In the Windows-centric era of the 1980s and 1990s, Microsoft's operating systems monopoly was the equivalent of a license to print money. But the emergence of the modern Internet in the mid-1990s caught Microsoft off-guard. This was a pivotal point in the company's history. The Internet represented huge opportunity as well as a threat to Windows and the idea that computing devices needed to run on a proprietary operating system.
Some contend that this was the event that knocked Microsoft off its game. The argument there is that the lawsuit distracted the company from recognizing a shift in the technology landscape, increasingly populated by Internet-based startups such as Google, Salesforce.com and Facebook. But that's only part of the story.
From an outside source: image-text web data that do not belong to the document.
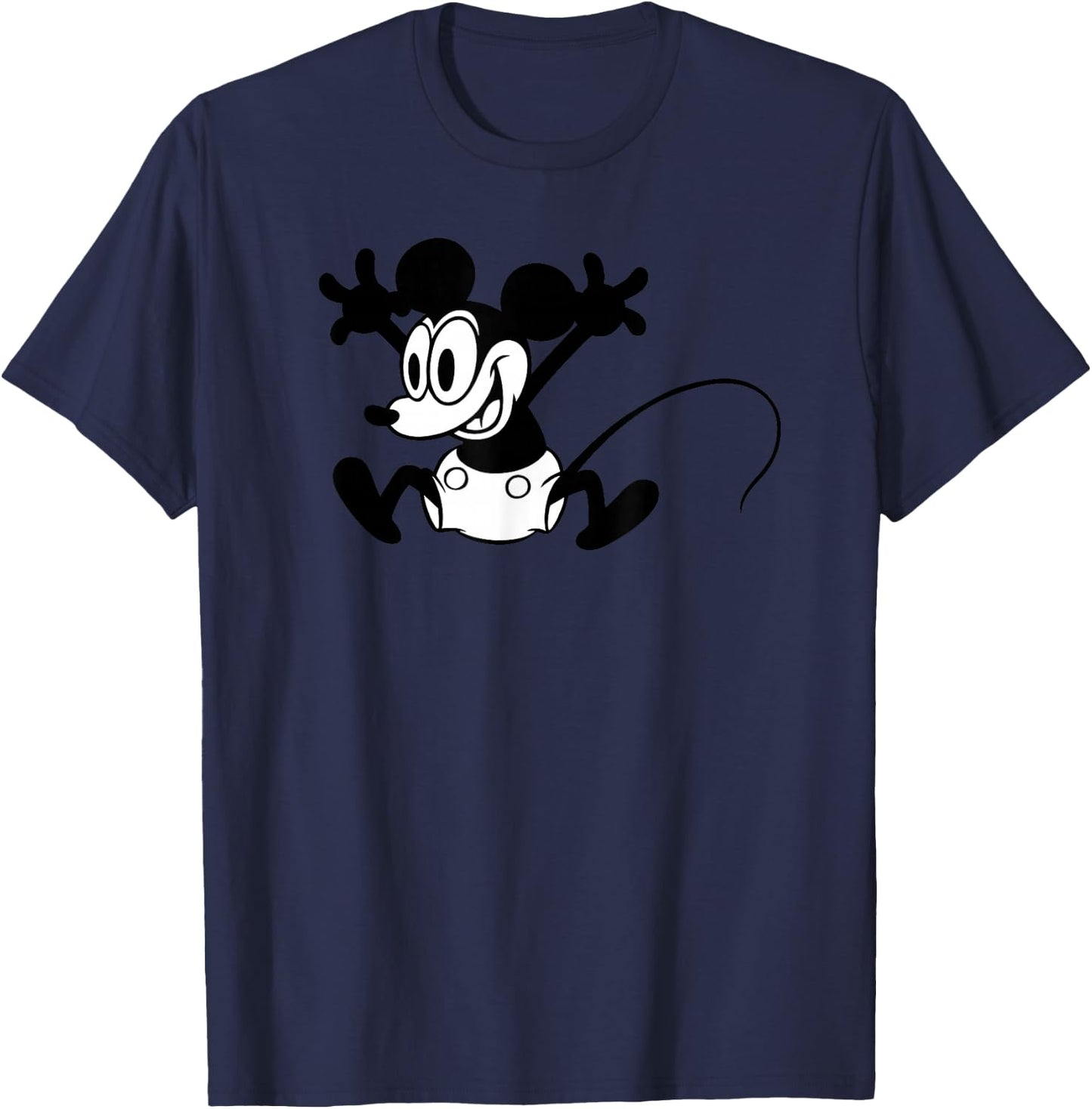 Disney - Classic Vintage Mickey Mouse T-Shirt - T-Shirt | Navy
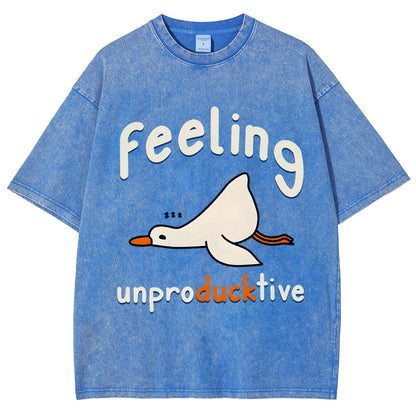 Feeling Unproducktive Vintage Distressed T-shirt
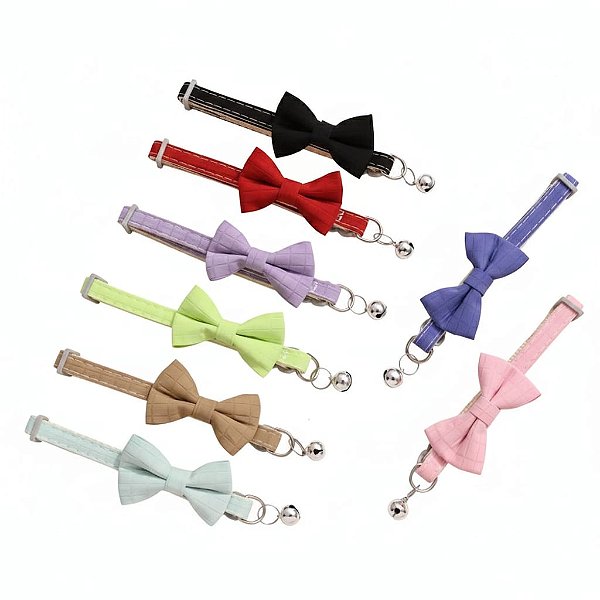 Coleira Xadrez com Pingente para Gato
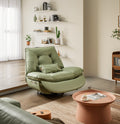 Smart Multifunction Recliner Chair Electric Green No Feather Green Pu Leather
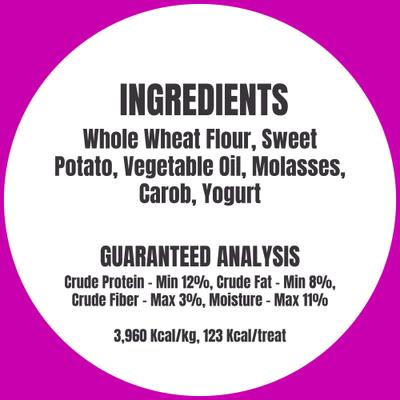 Yogurt Doggy Dough-Mutts Handmade Soft & Chewy Dog Treats, 2 count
Equally important was Microsoft's determination to protect Windows even as the Internet gained popularity as a commerce and communications platform. There were extended, passionate debates, but ultimately Microsoft refused to break with its past and adopt a more Internet-centric future.
"Woulda coulda shoulda but didn't ya," a former Microsoft executive said recalling the arguments. "Ultimately it was Bill's decision. When you're king of the hill, you are driven to play defense and protect." Rattling off the names of Microsoft muckymucks of yesteryear, the former exec continued: "Jim Allchin, Nathan Myhrvold, etc. -- they all played to Bill's desire to control it all forever. Paul Maritz tried to play mediator but in the end the reactionary forces won the battle but caused Microsoft to lose the war."
None of this is news to Microsoft's board, but does it have the courage to hire someone with a mandate to kill sacred cows? We'll soon learn the answer. Still, if the next Microsoft CEO doesn't receive a mandate to enact real change, Ballmer's replacement will be little more than a steward, milking a profitable, declining company easing into middle age.